The problem: Among the lines below, keep only those from the one containing "Mizuno Unisex Wave" through the one containing "ZENFUN 4 Piece", and reproduce them exactly.

Excerpted records:

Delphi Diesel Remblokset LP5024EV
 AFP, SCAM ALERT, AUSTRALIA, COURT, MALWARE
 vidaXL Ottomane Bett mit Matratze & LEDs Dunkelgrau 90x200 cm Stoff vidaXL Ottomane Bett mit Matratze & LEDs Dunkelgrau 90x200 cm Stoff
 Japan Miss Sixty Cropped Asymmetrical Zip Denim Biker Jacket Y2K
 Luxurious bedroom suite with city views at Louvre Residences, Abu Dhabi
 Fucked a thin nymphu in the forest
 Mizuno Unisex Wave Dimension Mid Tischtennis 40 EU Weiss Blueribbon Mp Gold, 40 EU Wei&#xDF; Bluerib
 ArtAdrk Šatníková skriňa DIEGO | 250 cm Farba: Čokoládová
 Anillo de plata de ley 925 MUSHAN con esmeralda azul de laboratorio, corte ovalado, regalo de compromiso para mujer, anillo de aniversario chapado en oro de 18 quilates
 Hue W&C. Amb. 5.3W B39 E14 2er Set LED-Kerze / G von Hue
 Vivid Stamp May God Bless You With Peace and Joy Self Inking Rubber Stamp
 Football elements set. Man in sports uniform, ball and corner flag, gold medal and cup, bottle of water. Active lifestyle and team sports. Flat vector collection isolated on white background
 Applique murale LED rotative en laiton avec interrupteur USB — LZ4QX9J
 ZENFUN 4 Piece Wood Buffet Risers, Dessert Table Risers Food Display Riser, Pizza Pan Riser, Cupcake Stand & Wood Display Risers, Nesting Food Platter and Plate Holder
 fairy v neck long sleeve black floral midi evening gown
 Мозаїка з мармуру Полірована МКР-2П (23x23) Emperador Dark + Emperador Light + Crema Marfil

Solution to the exercise:
 Mizuno Unisex Wave Dimension Mid Tischtennis 40 EU Weiss Blueribbon Mp Gold, 40 EU Wei&#xDF; Bluerib
 ArtAdrk Šatníková skriňa DIEGO | 250 cm Farba: Čokoládová
 Anillo de plata de ley 925 MUSHAN con esmeralda azul de laboratorio, corte ovalado, regalo de compromiso para mujer, anillo de aniversario chapado en oro de 18 quilates
 Hue W&C. Amb. 5.3W B39 E14 2er Set LED-Kerze / G von Hue
 Vivid Stamp May God Bless You With Peace and Joy Self Inking Rubber Stamp
 Football elements set. Man in sports uniform, ball and corner flag, gold medal and cup, bottle of water. Active lifestyle and team sports. Flat vector collection isolated on white background
 Applique murale LED rotative en laiton avec interrupteur USB — LZ4QX9J
 ZENFUN 4 Piece Wood Buffet Risers, Dessert Table Risers Food Display Riser, Pizza Pan Riser, Cupcake Stand & Wood Display Risers, Nesting Food Platter and Plate Holder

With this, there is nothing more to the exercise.